PROBLEM TO SOLVE: Below are the records. Retype, exactly, the lines from the first through the line with "Hello, this is", and leave out the pictures.

Collected data entries

Content starts

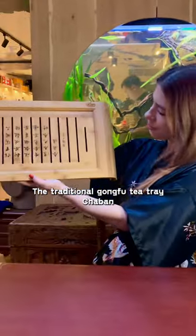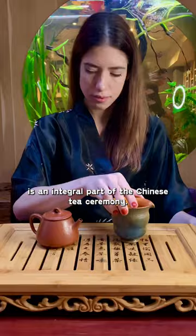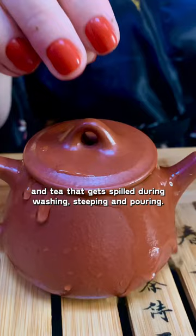The traditional Gong Fu Tea Tray is an integral part of the Chinese Tea Ceremony. It is built to collect water and tea that gets spilled during washing, steeping, and pouring.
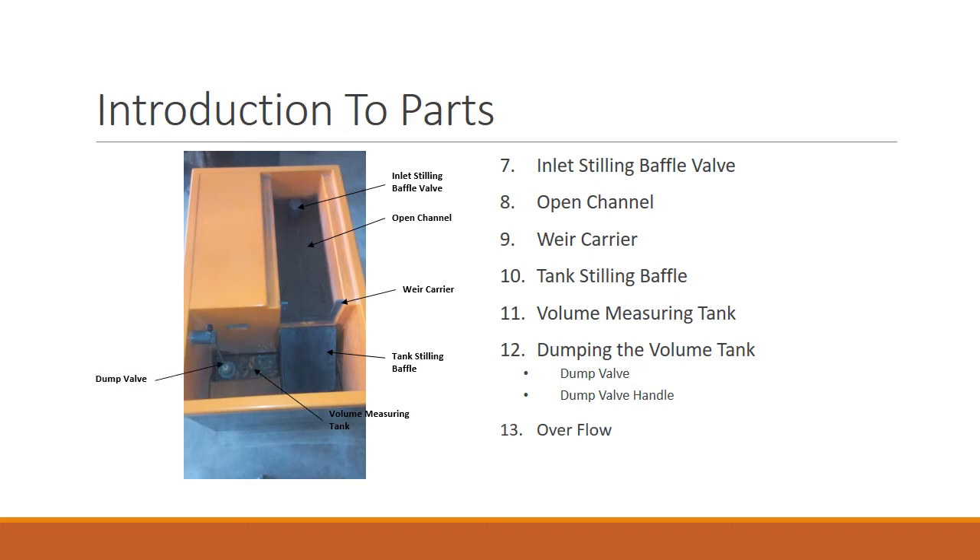To control the dump valve, you have the dump valve handle, which you can lift or keep down. In case you need a lot of water and you don't want it to exceed the rear carrier level, you have the overflow, which is provided by the makers of the hydraulic bench so that the flow does not go over the rear carrier and disrupt the flow itself.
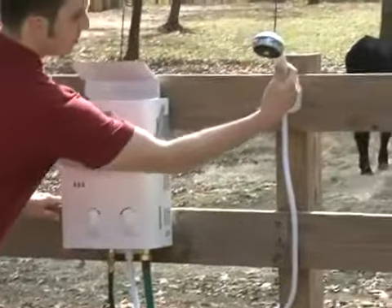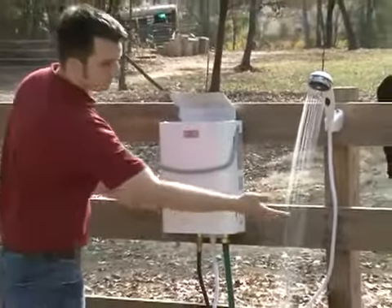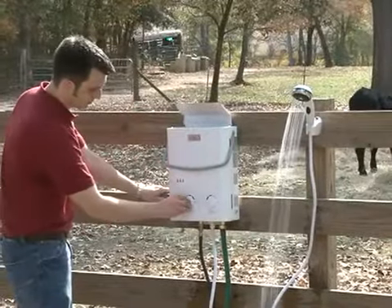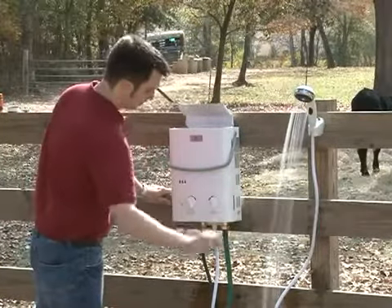Temperature can easily be controlled by simply adjusting the temperature control knob to the desired temperature. The same for the water pressure knob — adjust the pressure until the pressure is right for you.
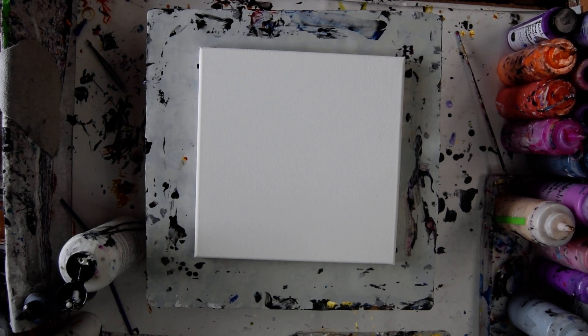Hello, this is Priscilla Batsell. I'm in Spring Hill, Florida at Expressionist Fluid Art Studio, and that's a 12 by 12 inch canvas.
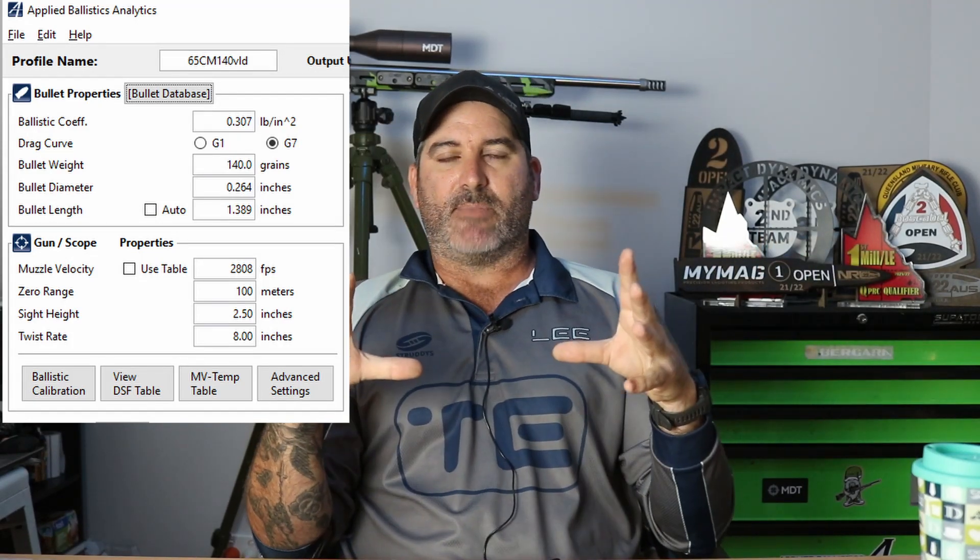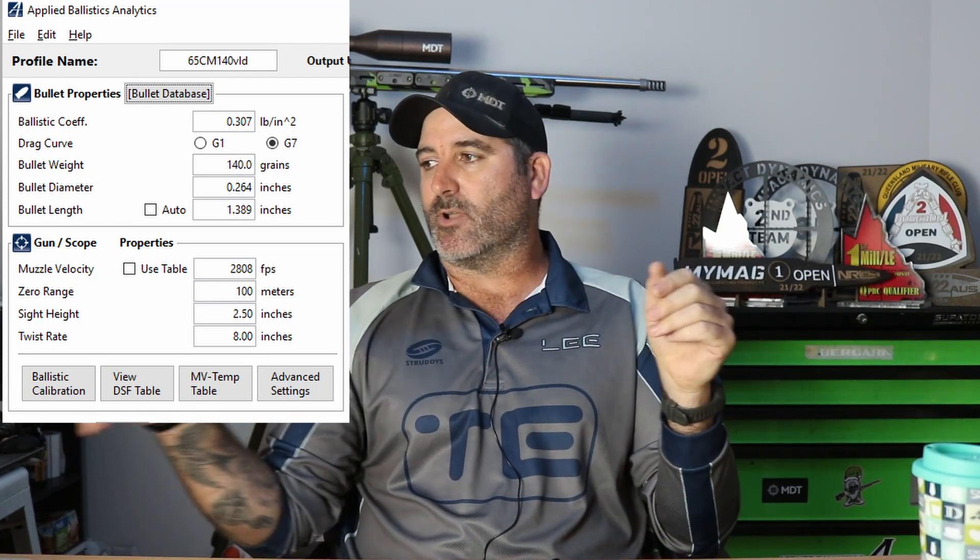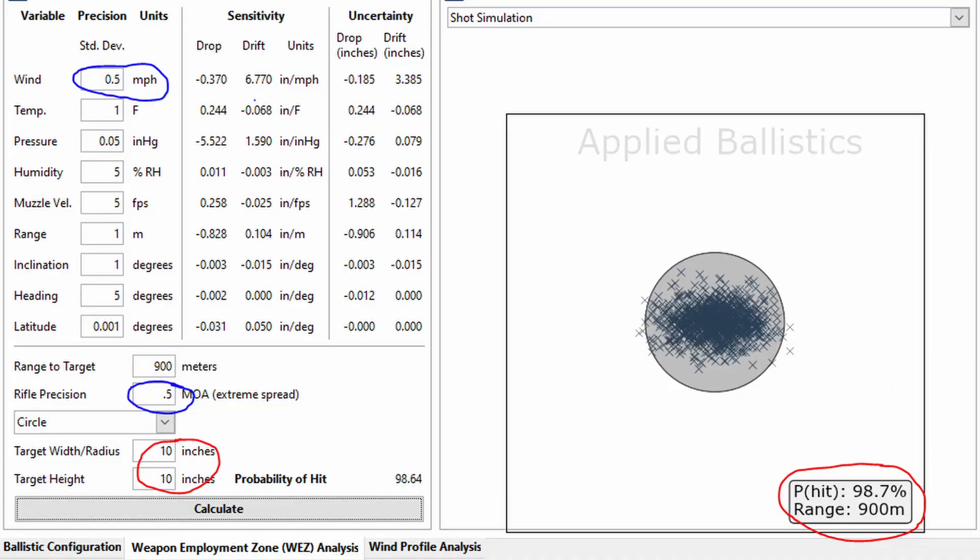Now we'll look at the group sizes. For me, I look for 0.5 MOA or under. The reason being, on our courses we run a program called WESCAM from Applied Ballistics. This is data for the 140 grain 6.5 Creedmoor running at 2808fps, which is that flat spot we're looking at for both powder charges. If we go across to a 0.5 MOA group in the shot simulator — with all uncertainties accounted for and wind judged to within one mile per hour — we're looking at a 98.7% hit rate on a one MOA target at 1000 yards or 900 meters.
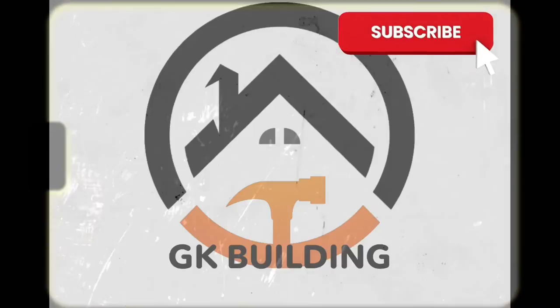Guys, I hope you enjoyed this video. I hope you found something helpful. If you did, please hit that like button, and if you would, subscribe to my channel.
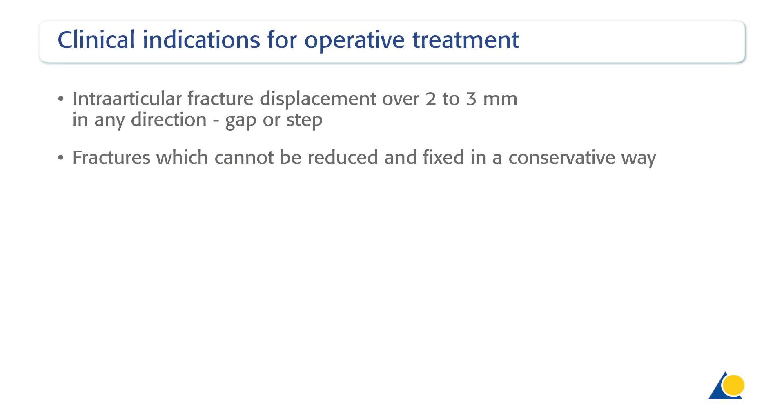The clinical indications for operative treatment include intra-articular fracture displacement over 2 to 3 mm in any direction — gap or step — and fractures which cannot be reduced and fixed in a conservative way.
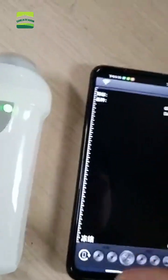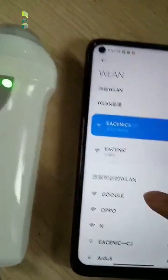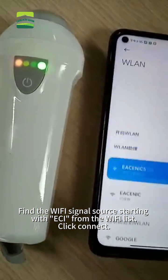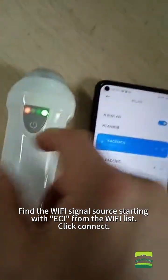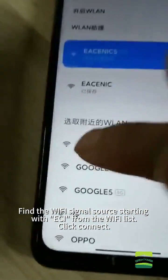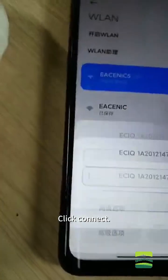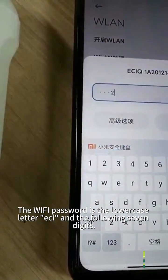Now begin to connect the wireless probe. First, make sure your phone's Wi-Fi is turned on. Find the Wi-Fi signal source starting with 'SA' from the Wi-Fi list and click Connect. The Wi-Fi password is the lowercase letters assigned in the following seven digits.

Content ends

PROBLEM SOLUTION:
The traditional Gong Fu Tea Tray is an integral part of the Chinese Tea Ceremony. It is built to collect water and tea that gets spilled during washing, steeping, and pouring.
To control the dump valve, you have the dump valve handle, which you can lift or keep down. In case you need a lot of water and you don't want it to exceed the rear carrier level, you have the overflow, which is provided by the makers of the hydraulic bench so that the flow does not go over the rear carrier and disrupt the flow itself.
Temperature can easily be controlled by simply adjusting the temperature control knob to the desired temperature. The same for the water pressure knob — adjust the pressure until the pressure is right for you.
Hello, this is Priscilla Batsell. I'm in Spring Hill, Florida at Expressionist Fluid Art Studio, and that's a 12 by 12 inch canvas.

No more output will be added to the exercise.